Assignment: Exactly the lines from the start of the data through the line containing "How are you" should be output, with both ends kept and nothing added.

================

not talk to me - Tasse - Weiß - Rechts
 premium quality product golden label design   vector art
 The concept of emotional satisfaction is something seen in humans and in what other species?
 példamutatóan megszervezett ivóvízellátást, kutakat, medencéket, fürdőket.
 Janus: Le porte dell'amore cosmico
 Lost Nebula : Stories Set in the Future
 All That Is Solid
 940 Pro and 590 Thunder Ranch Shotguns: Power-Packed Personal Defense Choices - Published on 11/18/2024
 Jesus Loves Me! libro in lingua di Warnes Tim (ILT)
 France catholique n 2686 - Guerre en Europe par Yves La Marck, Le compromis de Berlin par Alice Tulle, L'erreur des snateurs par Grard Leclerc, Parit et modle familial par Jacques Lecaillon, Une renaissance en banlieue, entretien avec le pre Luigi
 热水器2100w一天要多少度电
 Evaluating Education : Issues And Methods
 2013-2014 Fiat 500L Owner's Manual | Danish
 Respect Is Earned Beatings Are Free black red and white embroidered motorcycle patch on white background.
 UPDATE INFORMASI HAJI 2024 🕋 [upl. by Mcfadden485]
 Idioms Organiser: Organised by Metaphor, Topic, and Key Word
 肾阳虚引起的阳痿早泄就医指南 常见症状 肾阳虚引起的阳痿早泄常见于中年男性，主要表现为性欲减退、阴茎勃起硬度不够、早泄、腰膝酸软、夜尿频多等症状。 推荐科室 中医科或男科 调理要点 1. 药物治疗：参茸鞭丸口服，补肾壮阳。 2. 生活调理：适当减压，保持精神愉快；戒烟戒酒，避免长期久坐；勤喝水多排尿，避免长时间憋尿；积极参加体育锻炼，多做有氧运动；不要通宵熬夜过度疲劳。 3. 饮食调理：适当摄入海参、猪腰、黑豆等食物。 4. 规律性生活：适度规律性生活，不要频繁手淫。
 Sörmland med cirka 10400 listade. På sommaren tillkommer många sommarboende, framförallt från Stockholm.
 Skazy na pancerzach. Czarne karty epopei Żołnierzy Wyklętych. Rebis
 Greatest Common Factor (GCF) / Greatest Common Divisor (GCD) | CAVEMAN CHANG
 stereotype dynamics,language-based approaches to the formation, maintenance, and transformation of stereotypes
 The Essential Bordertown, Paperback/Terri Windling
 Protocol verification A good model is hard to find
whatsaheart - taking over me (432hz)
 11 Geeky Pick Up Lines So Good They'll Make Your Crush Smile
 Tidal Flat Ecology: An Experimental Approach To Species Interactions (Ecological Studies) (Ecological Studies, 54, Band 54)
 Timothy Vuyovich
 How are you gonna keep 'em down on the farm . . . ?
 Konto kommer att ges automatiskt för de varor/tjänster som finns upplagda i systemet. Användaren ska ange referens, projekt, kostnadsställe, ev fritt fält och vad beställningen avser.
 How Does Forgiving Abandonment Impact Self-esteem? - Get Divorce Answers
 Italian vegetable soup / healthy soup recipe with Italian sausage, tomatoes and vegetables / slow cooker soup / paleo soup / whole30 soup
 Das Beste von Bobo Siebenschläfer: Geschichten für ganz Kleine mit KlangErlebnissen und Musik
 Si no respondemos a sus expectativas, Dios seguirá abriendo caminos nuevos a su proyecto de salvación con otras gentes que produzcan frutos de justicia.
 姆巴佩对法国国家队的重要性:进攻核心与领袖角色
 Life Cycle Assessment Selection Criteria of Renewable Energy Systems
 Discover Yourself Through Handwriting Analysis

================

Task output:
not talk to me - Tasse - Weiß - Rechts
 premium quality product golden label design   vector art
 The concept of emotional satisfaction is something seen in humans and in what other species?
 példamutatóan megszervezett ivóvízellátást, kutakat, medencéket, fürdőket.
 Janus: Le porte dell'amore cosmico
 Lost Nebula : Stories Set in the Future
 All That Is Solid
 940 Pro and 590 Thunder Ranch Shotguns: Power-Packed Personal Defense Choices - Published on 11/18/2024
 Jesus Loves Me! libro in lingua di Warnes Tim (ILT)
 France catholique n 2686 - Guerre en Europe par Yves La Marck, Le compromis de Berlin par Alice Tulle, L'erreur des snateurs par Grard Leclerc, Parit et modle familial par Jacques Lecaillon, Une renaissance en banlieue, entretien avec le pre Luigi
 热水器2100w一天要多少度电
 Evaluating Education : Issues And Methods
 2013-2014 Fiat 500L Owner's Manual | Danish
 Respect Is Earned Beatings Are Free black red and white embroidered motorcycle patch on white background.
 UPDATE INFORMASI HAJI 2024 🕋 [upl. by Mcfadden485]
 Idioms Organiser: Organised by Metaphor, Topic, and Key Word
 肾阳虚引起的阳痿早泄就医指南 常见症状 肾阳虚引起的阳痿早泄常见于中年男性，主要表现为性欲减退、阴茎勃起硬度不够、早泄、腰膝酸软、夜尿频多等症状。 推荐科室 中医科或男科 调理要点 1. 药物治疗：参茸鞭丸口服，补肾壮阳。 2. 生活调理：适当减压，保持精神愉快；戒烟戒酒，避免长期久坐；勤喝水多排尿，避免长时间憋尿；积极参加体育锻炼，多做有氧运动；不要通宵熬夜过度疲劳。 3. 饮食调理：适当摄入海参、猪腰、黑豆等食物。 4. 规律性生活：适度规律性生活，不要频繁手淫。
 Sörmland med cirka 10400 listade. På sommaren tillkommer många sommarboende, framförallt från Stockholm.
 Skazy na pancerzach. Czarne karty epopei Żołnierzy Wyklętych. Rebis
 Greatest Common Factor (GCF) / Greatest Common Divisor (GCD) | CAVEMAN CHANG
 stereotype dynamics,language-based approaches to the formation, maintenance, and transformation of stereotypes
 The Essential Bordertown, Paperback/Terri Windling
 Protocol verification A good model is hard to find
whatsaheart - taking over me (432hz)
 11 Geeky Pick Up Lines So Good They'll Make Your Crush Smile
 Tidal Flat Ecology: An Experimental Approach To Species Interactions (Ecological Studies) (Ecological Studies, 54, Band 54)
 Timothy Vuyovich
 How are you gonna keep 'em down on the farm . . . ?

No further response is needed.